(Short descriptive text snippets)
------------
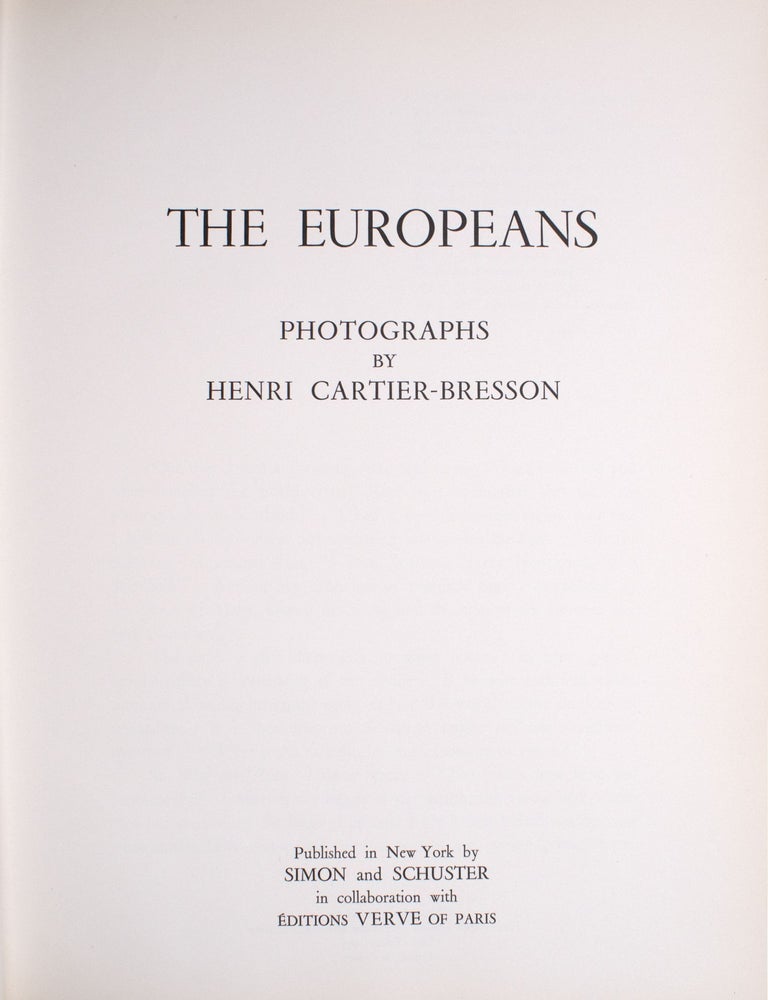 The Europeans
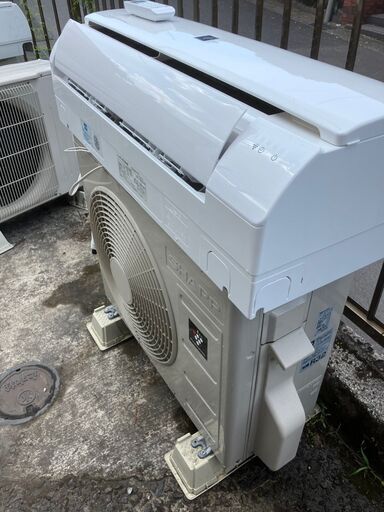 オロポ様用引き取りSHARP AY-R22DM 主に6畳用 2024年製 決まりました7/24引き取り😊シャープ エアコン✨6畳程度 2024年製
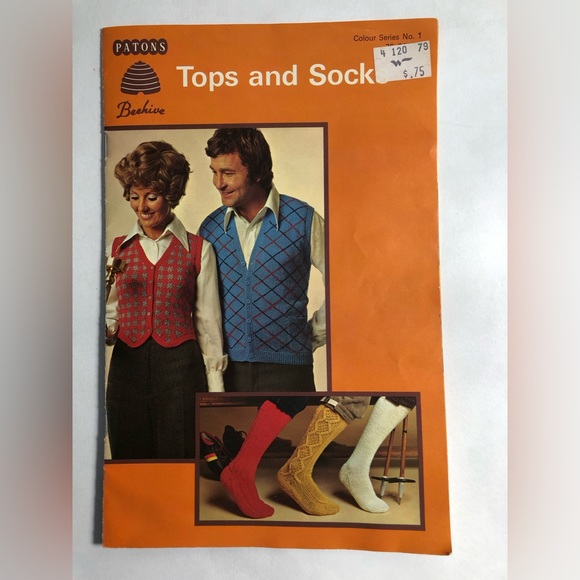 Vintage Knitting Books & Patterns - Picture 12 of 15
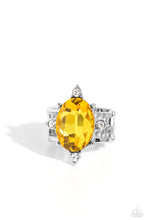 Load image into Gallery viewer, Sensational Sparkle - Yellow Paparazzi Accessories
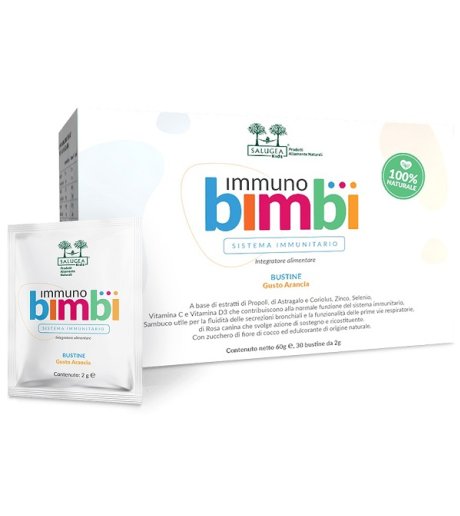 SALUGEA IMMUNO BIMBI 30BUST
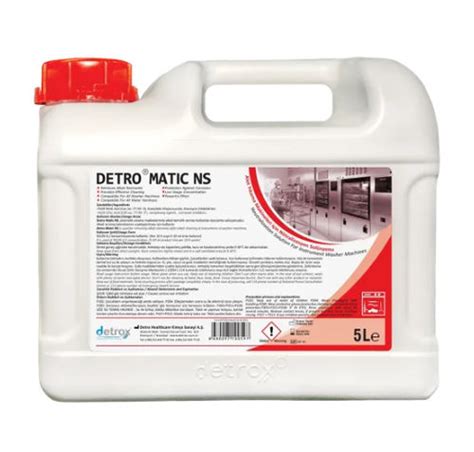 D Tergent Liquide Detro Matic Ns Detro Healthcare Ml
------------
■ Requirement
Return the data exactly. Do not carry over any images.

■ Task result
 The Europeans
 オロポ様用引き取りSHARP AY-R22DM 主に6畳用 2024年製 決まりました7/24引き取り😊シャープ エアコン✨6畳程度 2024年製
 Vintage Knitting Books & Patterns - Picture 12 of 15
 Load image into Gallery viewer, Sensational Sparkle - Yellow Paparazzi Accessories
 SALUGEA IMMUNO BIMBI 30BUST
 D Tergent Liquide Detro Matic Ns Detro Healthcare Ml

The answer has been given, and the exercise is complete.